Las cacerolas
Cuando a Salvador Allende le iban a suicidar en pijama, de madrugada, en Chile, los reaccionarios del interior / exterior le mandaron primero, por delante, la huelga de las cacerolas, un tam / tam doméstico de clase media, mucho más ominoso que los tamtames de tribu o el rodar dentado de los tanques. En seguida llegó, con capa y manoletinas, Pinochet.
Ahora, a Pinochet le han llegado sus cacerolas. A todo político, generalmente, le llega, antes o después, ese estremecedor y dramático sonido de cacerolas unánimes, como la revolución / contrarrevolución de las cacerolas. El bosque que avanza hacia Macbeth, lleno de reflejos metálicos de luna, es seguramente un bosque de cacerolas. A Churchill, después de haber ganado la guerra mundial, lo mandaron a casa las cacerolas de la middle / middle class, el voto pequeñoburgués que ya no creía en las grandes victorias, en aquella uve que el político hacía con sus dedos. No diría yo que las cacerolas que estos días le han sonado a Pinochet bajo su balcón presidencial no sean las mismas que le hicieron el tam / tam a Allende. Las cacerolas siempre vuelven, porque son el coro griego en plan batería de cocina, la rebelión de la cesta de la compra, manipulada por los mayoristas o unanimizada por sí misma, cuando la imaginación de las amas de casa sin imaginación quiere llegar al Poder. Martínez Mediero, si tuviera en í más recursos de los que tiene, le habría metido al Tito Andrónico, de Shakespeare, que ha estrenado aquí la otra noche, un coro de cacerolas.
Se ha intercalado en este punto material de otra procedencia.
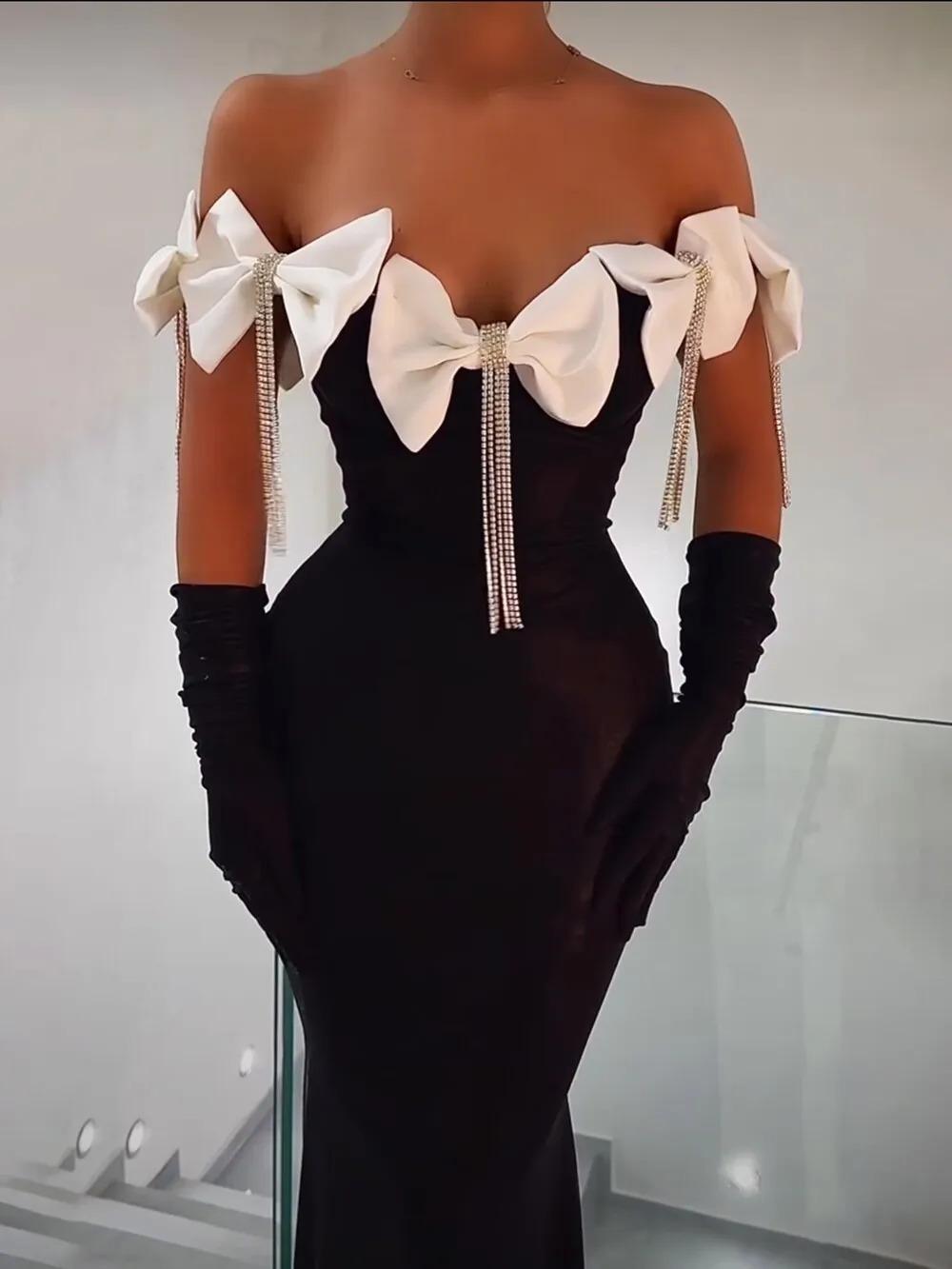 Women Celebrity Sexy Off Shoulder Flower Diamonds Black Bow Tie Maxi Long XL Bandage Dress Elegant Evening Club Party Dress 240819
Sabemos que la rebelión de las clases medias (cacerolas) da siempre el fascismo. Es una ley universal del siglo. Salvo cuando el fascismo es lo que está en el Poder. Entonces las cacerolas suenan a hueco, que es como suena el hambre. Cuando Reagan I Andropov / Felipe discuten de euromissiles ocurre que las armas que están derribando Gobiernos y ensordeciendo dictaduras son las humildes cacerolas, entre las que ahora parece que sí anda el Señor, como entre los pucheros de Teresa. La cacerola, que nunca había sido, en el teatro costumbrista (todavía da juego en Dario Fo), sino una modesta arma arrojadiza y conyugal, se ha convertido, irónicamente (la Historia siempre es irónica), en el arma secreta de los pueblos, aunque no sea de cabeza nuclear. En política, el que a hierro mata, a hierro muere. O a estaño, si muere de cacerola. Las madres de la Plaza de Mayo, en Buenos Aires, parecen portar la cacerola vacía del hijo o el marido desaparecido. La dulce mistress Thatcher, que nada más ganar las elecciones pidió la reinstauración de la horca (quizá por nostalgia de la sangre joven que, hace ya muchos años, le reventaba en el cuerpo lunáticamente), ha sido contestada ayer mismo con una movida nacional de cacerolas sólo comprable a los ruidos destellantes de las armaduras de los soldados borrachos en el Otelo de Orson Welles. (Miguel Veyrat me llamaba en seguida desde Londres para comunicármelo.) El menaje de cocina puede derribar a un tirano mejor que una división acorazada. En el centenario de Ortega escuchamos, al fondo de la rebelión de las masas, un rumor de cacerolas. Poujade, esporádico político francés, quiso hacer cacerolismo / fascismo desde los mercados, en los cincuenta. Hemingway, de no ser tan retórico, habría escrito Por quién doblan las cacerolas. Hoy doblan por Pinochet. Verstrynge fue recibido en Vallecas, cuando la campaña municipal, por un rumor de cacerolas. Herri Batasuna golpea joseantonianamente las urnas, y en Chile golpean las cacerolas. Pinochet sentirá que Allende le devuelve, en la noche, desde la muerte, el tam / tam ominoso y pueril de las cacerolas. Bajo el rumor de sables de la Historia (epílogo para españoles), el pueblo es un rumor de cacerolas.